Hey, so I know a lot you guys mix sphagnum peat moss, or peat granules and things like that into your soil for emersed plants. I do too, the idea being to lower the pH a little for Crypts and whatnot. However, I was wondering, if you change the water in your emersed set-up say... once a week or so, each time, the peat should have less and less buffering capabilities right? So eventually, aren't you going to have to add something to keep the soil/water at the same pH? And if this is the case, then why use peat in the first place? Maybe I'm wrong about this, I dunno. Just for the record, I don't have a lot of used aquasoil, so while I know that while it is often used and preferred even, it's just not a viable option for me, and I'm looking for a cheaper alternative. Plus I like to mix my own soils, and the pH issue is especially critical for my blackwater Crypts.

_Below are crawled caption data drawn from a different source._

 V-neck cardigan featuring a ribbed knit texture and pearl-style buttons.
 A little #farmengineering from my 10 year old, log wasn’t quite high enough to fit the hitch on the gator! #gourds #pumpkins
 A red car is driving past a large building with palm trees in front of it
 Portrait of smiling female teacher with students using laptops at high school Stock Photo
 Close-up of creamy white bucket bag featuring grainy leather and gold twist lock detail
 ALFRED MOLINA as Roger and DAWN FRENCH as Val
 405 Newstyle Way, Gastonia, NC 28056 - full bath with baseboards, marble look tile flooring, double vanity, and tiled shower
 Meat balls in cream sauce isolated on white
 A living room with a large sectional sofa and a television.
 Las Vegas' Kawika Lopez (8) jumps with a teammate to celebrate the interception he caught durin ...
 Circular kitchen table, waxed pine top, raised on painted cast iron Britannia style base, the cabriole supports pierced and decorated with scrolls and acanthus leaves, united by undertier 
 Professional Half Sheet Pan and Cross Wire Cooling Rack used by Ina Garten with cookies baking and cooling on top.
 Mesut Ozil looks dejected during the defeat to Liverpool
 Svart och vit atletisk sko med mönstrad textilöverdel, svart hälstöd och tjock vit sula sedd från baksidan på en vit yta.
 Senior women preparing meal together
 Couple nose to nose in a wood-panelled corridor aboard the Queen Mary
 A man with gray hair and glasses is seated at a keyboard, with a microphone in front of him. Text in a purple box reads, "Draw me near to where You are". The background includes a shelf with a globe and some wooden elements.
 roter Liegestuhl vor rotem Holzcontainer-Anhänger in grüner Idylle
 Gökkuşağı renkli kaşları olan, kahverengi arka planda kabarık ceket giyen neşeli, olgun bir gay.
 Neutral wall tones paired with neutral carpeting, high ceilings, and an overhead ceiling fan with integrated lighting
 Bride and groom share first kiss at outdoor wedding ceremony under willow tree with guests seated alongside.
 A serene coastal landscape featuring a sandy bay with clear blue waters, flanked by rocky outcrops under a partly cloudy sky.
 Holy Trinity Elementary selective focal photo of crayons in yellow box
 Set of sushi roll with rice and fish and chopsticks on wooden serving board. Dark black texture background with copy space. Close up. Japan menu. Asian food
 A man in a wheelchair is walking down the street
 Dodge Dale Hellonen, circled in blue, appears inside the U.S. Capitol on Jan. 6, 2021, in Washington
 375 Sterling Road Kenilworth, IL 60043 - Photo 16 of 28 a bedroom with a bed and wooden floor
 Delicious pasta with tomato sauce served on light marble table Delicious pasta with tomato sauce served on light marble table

It's currently hard for me to test the water in my emersed set-ups, since it tends not to be completely clear, so I can't really use the standard API test kits, and everyone tells me that the pH strips are inaccurate and can be off by as much as 1 unit which unnerves me because pH is measured on a logarithmic scale... I'm basically concerned about massive Crypt-melt and wondering what the best way to constantly maintain a steady pH is. Thoughts?


----------